Izuchi
Izuchi

Reputation: 11

Compare two text files and write matching values to a text file

I have two text files: Speech.txt and Script.txt. Speech.txt contains a list of filenames of audio files and Script.txt contains the relevant transcript. Script.txt contains transcripts for all characters and items, however I only want the transcript for a specific character only. I want to write a python script that compares the filename to the transcript and returns a text file containing the file path, filename, extension and the transcript seperated by |.

Sample of Speech.txt:

0x000f4a03.wav
0x000f4a07.wav
0x000f4a0f.wav

Sample of Script.txt:

0x000f4a0f |            | And unites the clans against Nilfgaard?
0x000f4a11 |            | Of course. He's already decreed new longships be built.
0x000f4a03 |            | Thinking long-term, then. Think she'll succeed?
0x000f4a05 |            | She's got a powerful ally. In me.
0x000f4a07 |            | Son's King of Skellige. Congratulations to you.

Expected Output:

C:/Speech/0x000f4a03.wav|Thinking long-term, then. Think she'll succeed?
C:/Speech/0x000f4a07.wav|Son's King of Skellige. Congratulations to you.
C:/Speech/0x000f4a0f.wav|And unites the clans against Nilfgaard?

Code (work in progress):

f1=open(r'C:/Speech.txt',"r", encoding='utf8')
f2=open(r'C:/script.txt',"r", encoding='utf8')
for line1 in f1:
    for line2 in f2:
        if line1[0:10]==line2[0:10]:
              print('C:/Speech/' + line2[0:10] + '.wav' + '|' + line2[26:-1])              
f1.close()
f2.close()

The above code seems to only work for the first line in Speech.txt and then stops. I want it to run through the entire file i.e. line 2, line 3 ...etc. I also haven't figured out how to output the results into a text file. I can only print out the results at the moment. Any help would be appreciated!

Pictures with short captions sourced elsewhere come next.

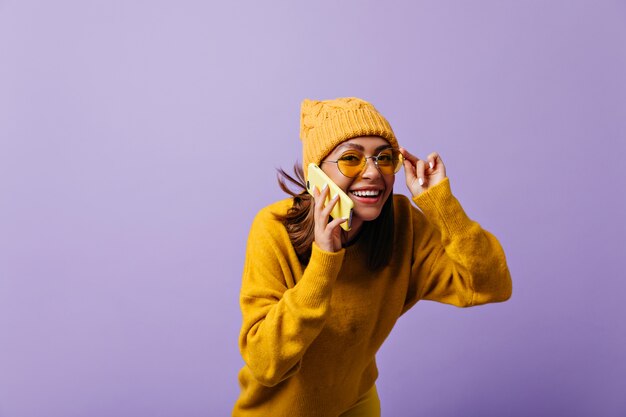 Cheerful 21 year old girl with auburn hair has funny, interesting conversation by phone. Laughing woman looking through yellow sunglasses with interest posing for portrait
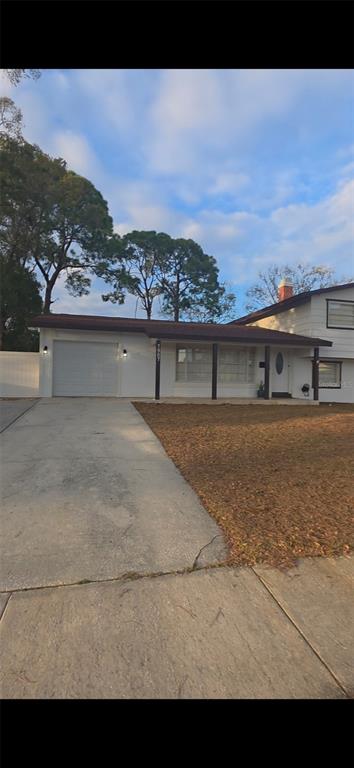 A single-story house with a white exterior, a garage, and a covered front porch — 7907 W HIAWATHA STREET, TAMPA, FL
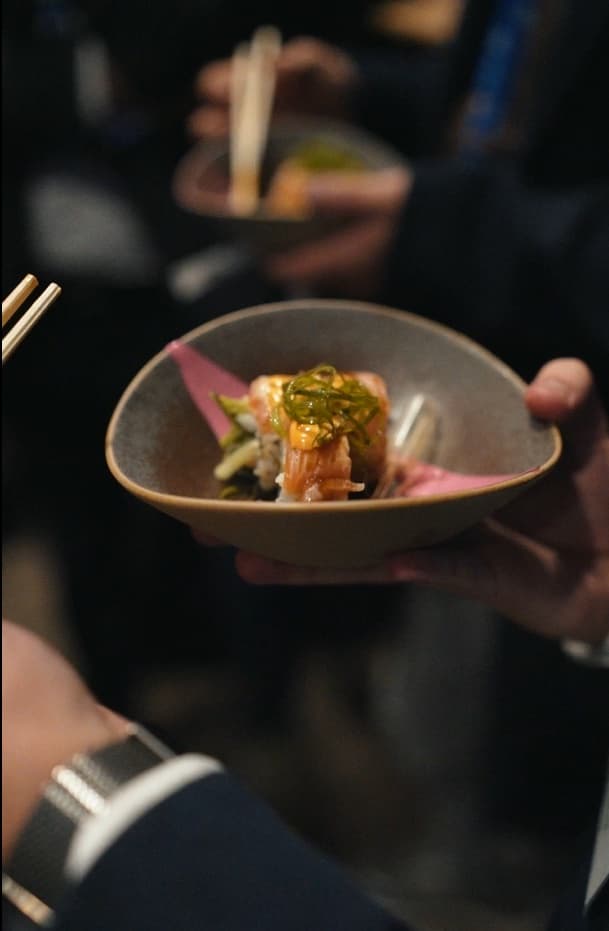 Gast houdt een kommetje vast met sushi van zalm, bosui en spicy mayo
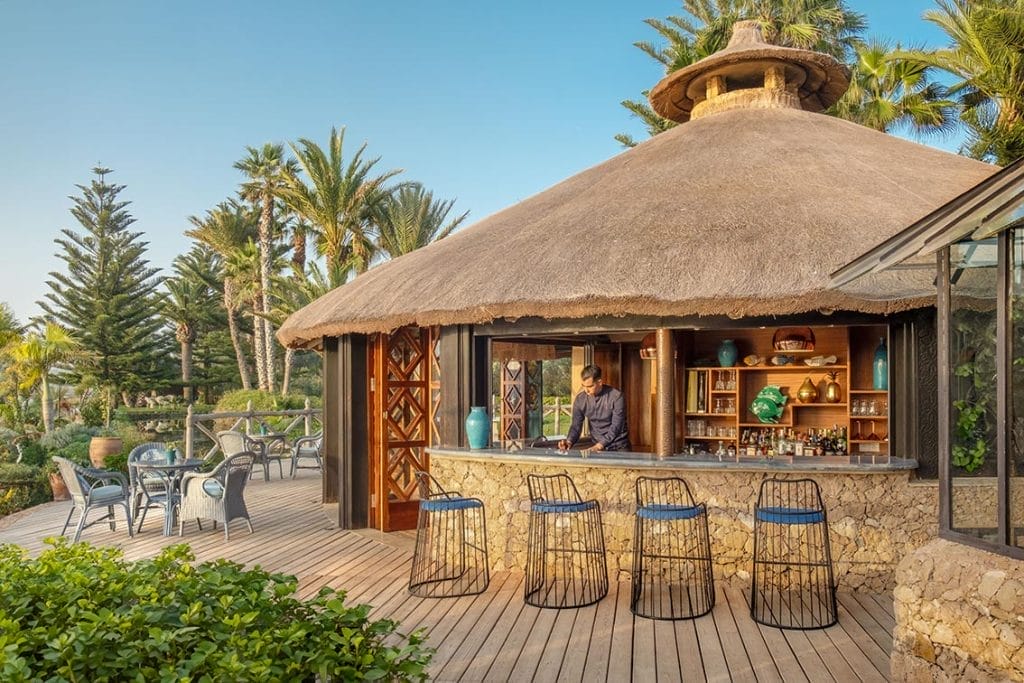 Bar en plein air avec toit de chaume, soubassement en pierre et terrasse en bois sur la côte atlantique, entouré de verdure et de palmiers ; un barman prépare des délices de l'été derrière le comptoir.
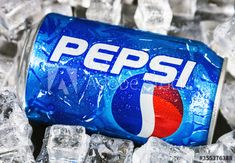 a can of pepsi soda sitting on top of ice cubes with the word pepsi printed on it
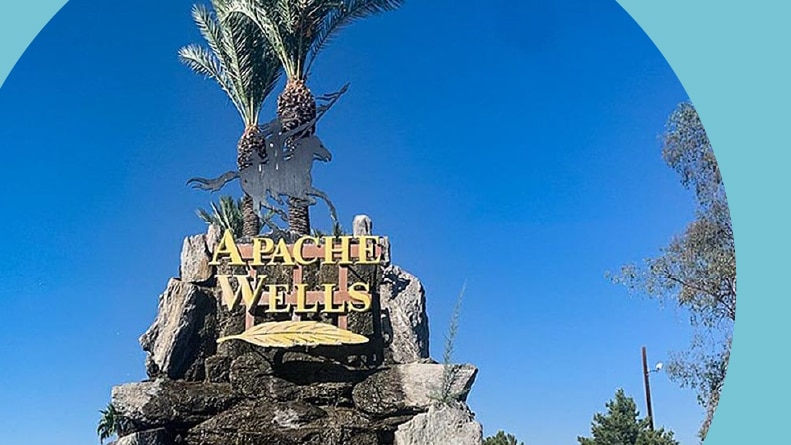 The decorative community sign at Apache Wells in Mesa, Arizona.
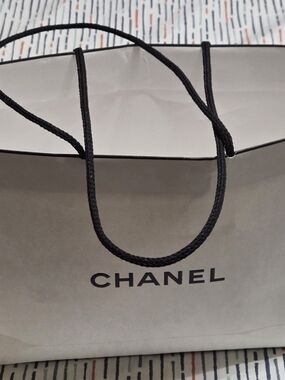 CHANEL Paper Shopping Bag in White with Black Handles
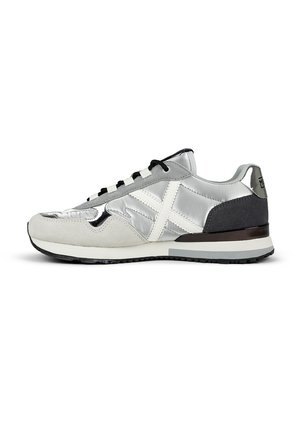 Zapatilla plateada y gris con un upper de ante y metálico, acentos negros, costuras blancas y una suela oscura contrastante. Presenta cordones.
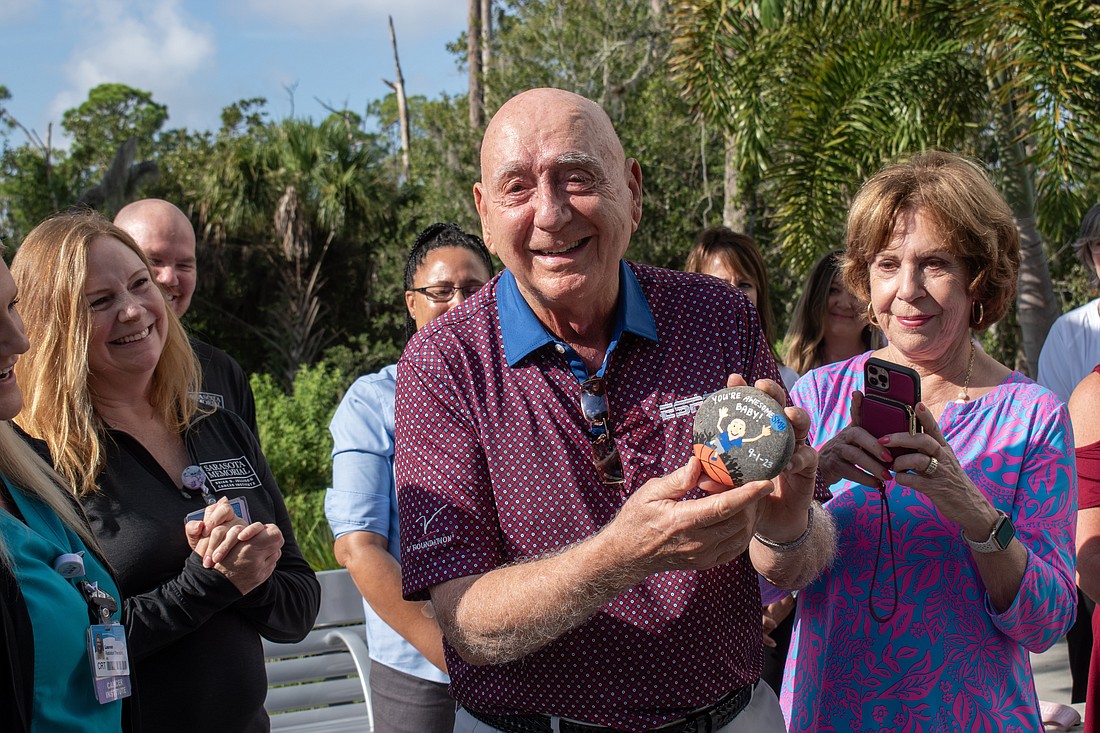 Dick Vitale was presented with a rock that reads "You're Awesome, Baby" following the completion of his final radiation treatment for vocal cord cancer.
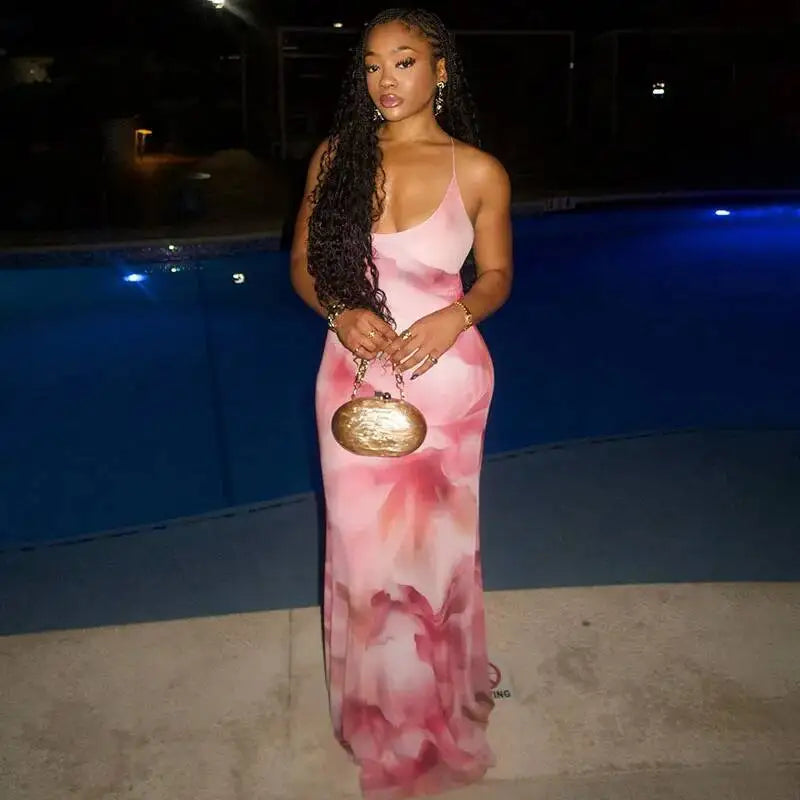 Woman in a pink floral dress holding a gold clutch by a pool at night.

EDIT Links to Script.txt and Speech.txt.

Upvotes: 1

Views: 1360

Answers (4)

Cristian Ramon-Cortes
Cristian Ramon-Cortes

Reputation: 1888

For each line of the Speech.txt file, you need to check if it exists or not in the Script.txt file. Considering that the content of Script.txt fits in memory you should load its content to avoid reading it every time.

Once the content of Script.txt is loaded, you simply process each line of the Speech.txt, search it in the dictionary and print it when required.

Next, I provide the code. Notice that:

  • I have added debug information. You can hide it by executing python -O script.py
  • I use os.path.splittext(var)[0] to remove the extension from the filename
  • I strip every processed line to get rid of spaces/line breaks.

Code:

#!/usr/bin/python

# -*- coding: utf-8 -*-

# For better print formatting
from __future__ import print_function

# Imports
import sys
import os


#
# HELPER METHODS
#
def load_script_file(script_file_path):
    # Parse each line of the script file and load to a dictionary
    d = {}
    with open(script_file_path, "r") as f:
        for transcript_info in f:
            if __debug__:
                print("Loading line: " + str(transcript_info))
            speech_filename, _, transcription = transcript_info.split("|")
            speech_filename = speech_filename.strip()
            transcription = transcription.strip()
            d[speech_filename] = transcription

    if __debug__:
        print("Loaded values: " + str(d))
    return d


#
# MAIN METHODS
#

def main(speech_file_path, script_file_path, output_file):
    # Load the script data into a dictionary
    speech_to_transcript = load_script_file(script_file_path)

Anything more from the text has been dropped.